─── DATA EXTRACT
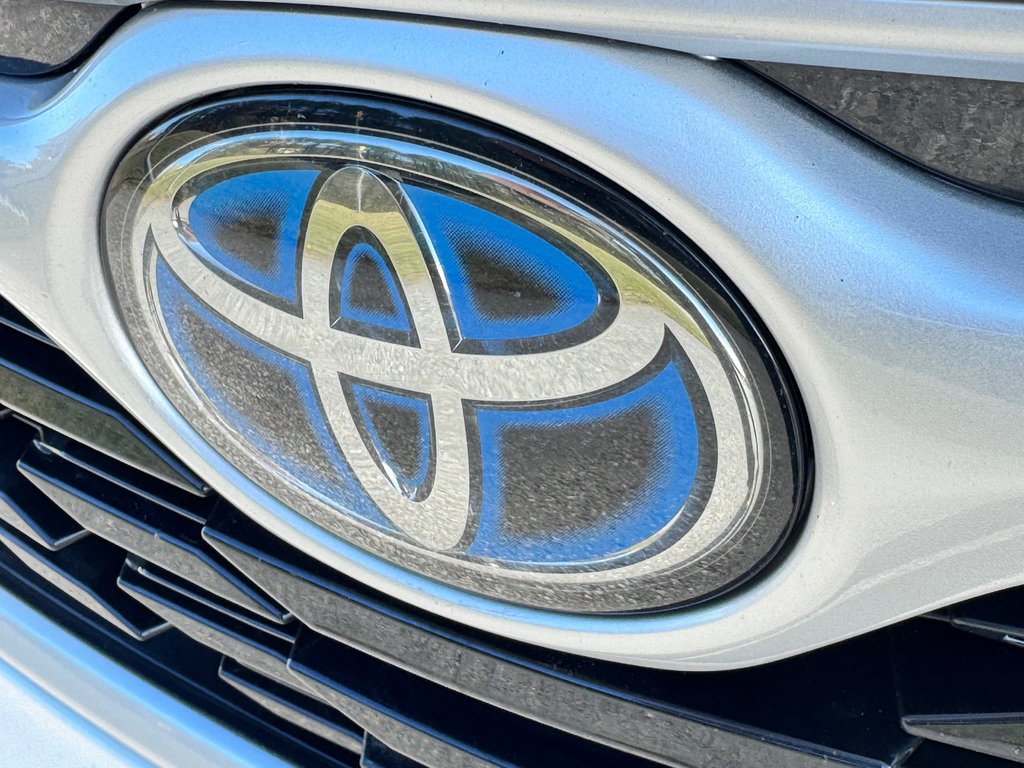 2021 Toyota Highlander HYBRIDE XLE AWD / PRIX PRÉ-ENCAN FAITES VITE !! / in Thetford Mines, Quebec - 12 - w1024h768px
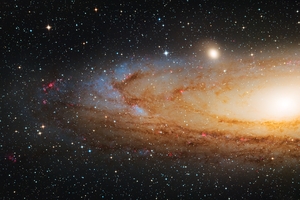 Andromeda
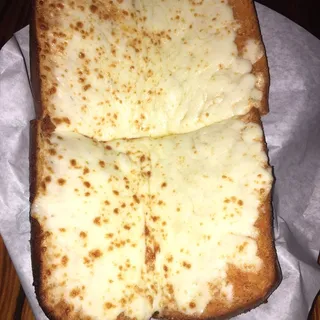 Cheese Bread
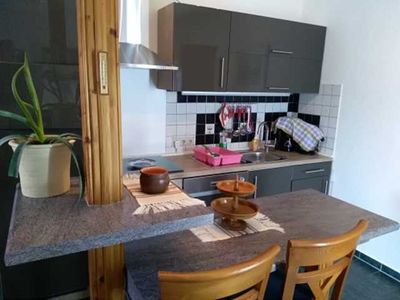 Ferienwohnung für 2 Personen (25 m²) in Neustrelitz 8/10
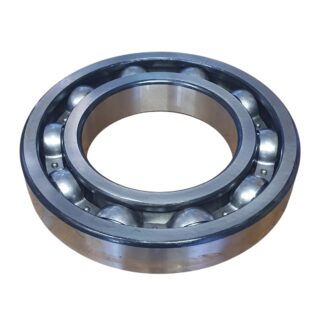 ROLLWAY 6226 Single Row Deep Groove Radial Bearing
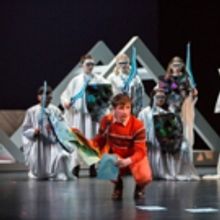 Tulsa Opera Announces Music Training Program for Tulsa Public Schools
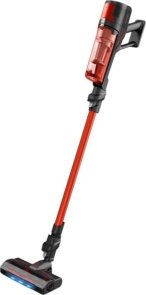 Ручний бездротовий пилосос Rowenta X-Force 8.80 Animal (RH1872E0)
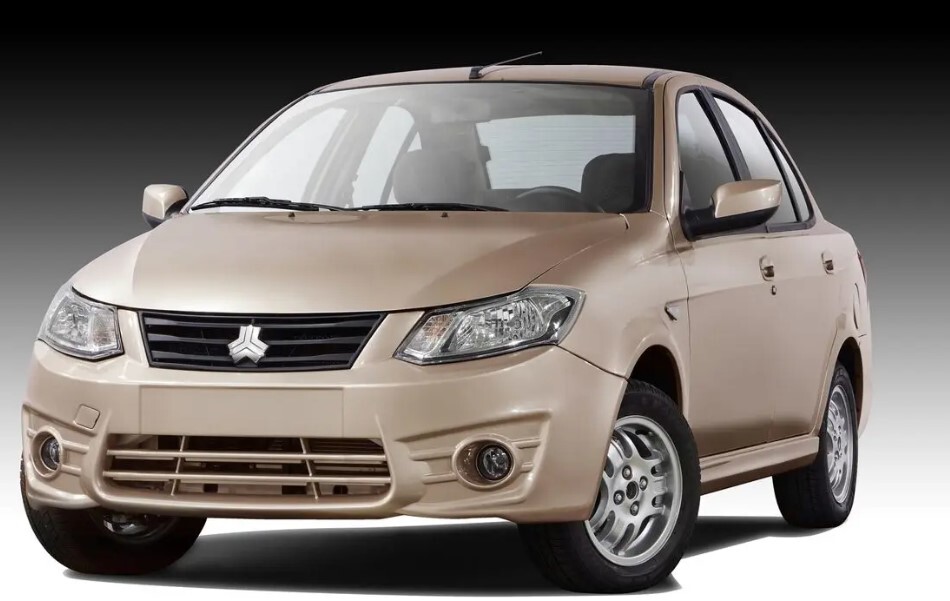 شرایط پیش فروش سایپا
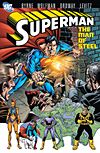 Superman: The Man of Steel (2003)  n° 4 - DC Comics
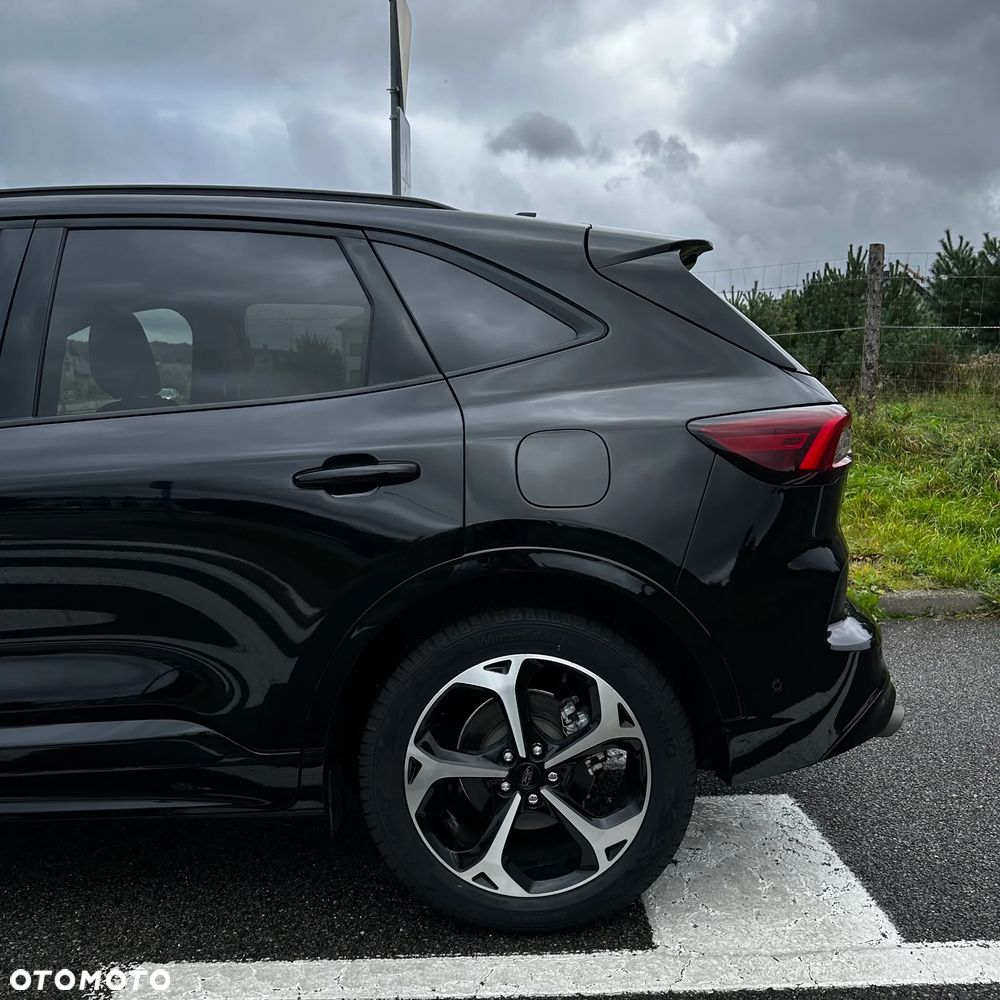 Ford Kuga 2.0 EcoBoost AWD Titanium ASS - 11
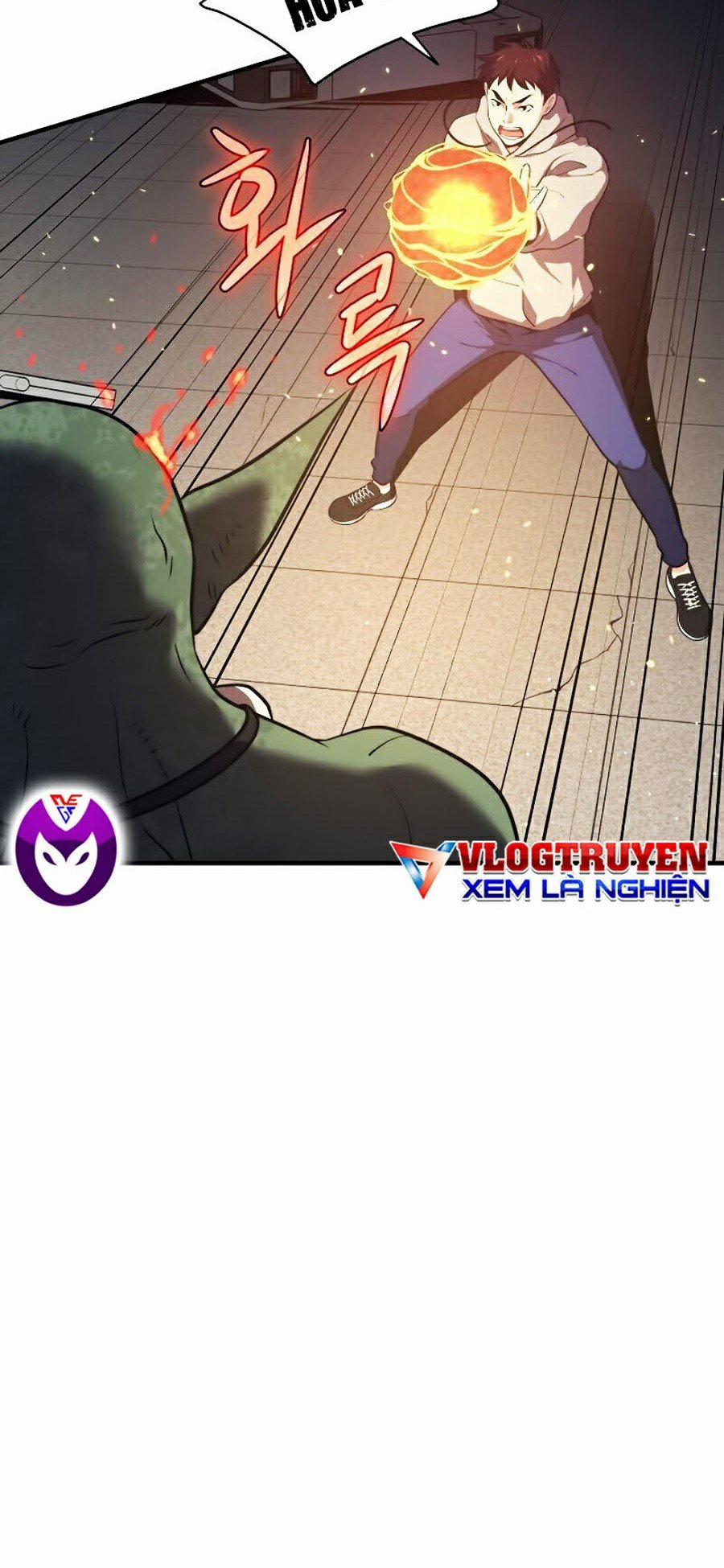 Seoul Tử Linh Sư 6 trang 62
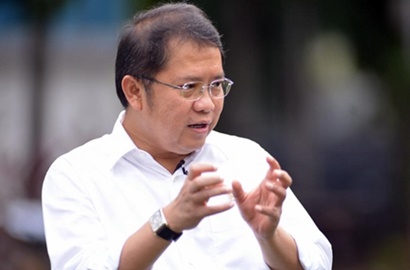 'Sarang' Ajaran Teroris, Menkominfo Ancam Tutup Semua Medsos Usai Telegram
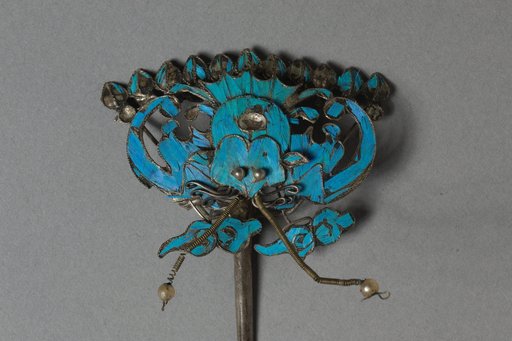 Headdress Ornament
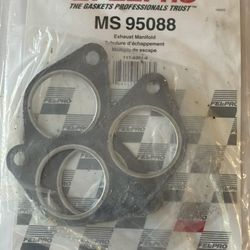 FEL PRO MS 95088 Exhaust Manifold Gasket Set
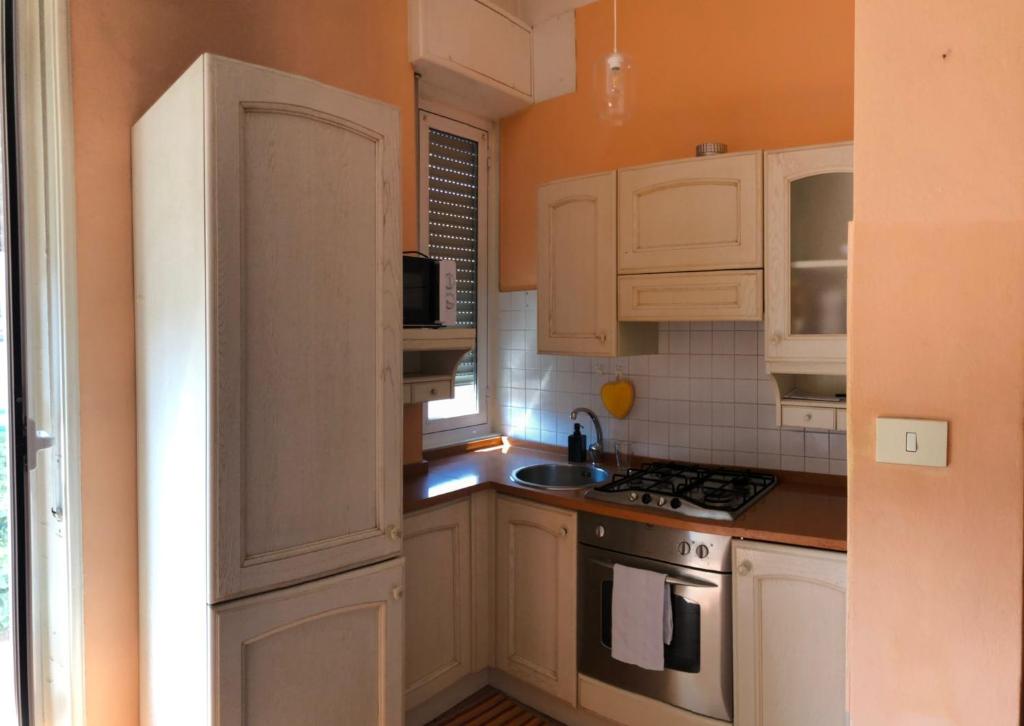 Appartamento 70 mq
──────
**WHAT IS REQUIRED**
Copy the lines above exactly, starting at the one with "ROLLWAY 6226 Single" and ending at the one with "Headdress Ornament", both included. Leave out any pictures and add nothing else.

**COMPLETED EXERCISE**
 ROLLWAY 6226 Single Row Deep Groove Radial Bearing
 Tulsa Opera Announces Music Training Program for Tulsa Public Schools
 Ручний бездротовий пилосос Rowenta X-Force 8.80 Animal (RH1872E0)
 شرایط پیش فروش سایپا
 Superman: The Man of Steel (2003)  n° 4 - DC Comics
 Ford Kuga 2.0 EcoBoost AWD Titanium ASS - 11
 Seoul Tử Linh Sư 6 trang 62
 'Sarang' Ajaran Teroris, Menkominfo Ancam Tutup Semua Medsos Usai Telegram
 Headdress Ornament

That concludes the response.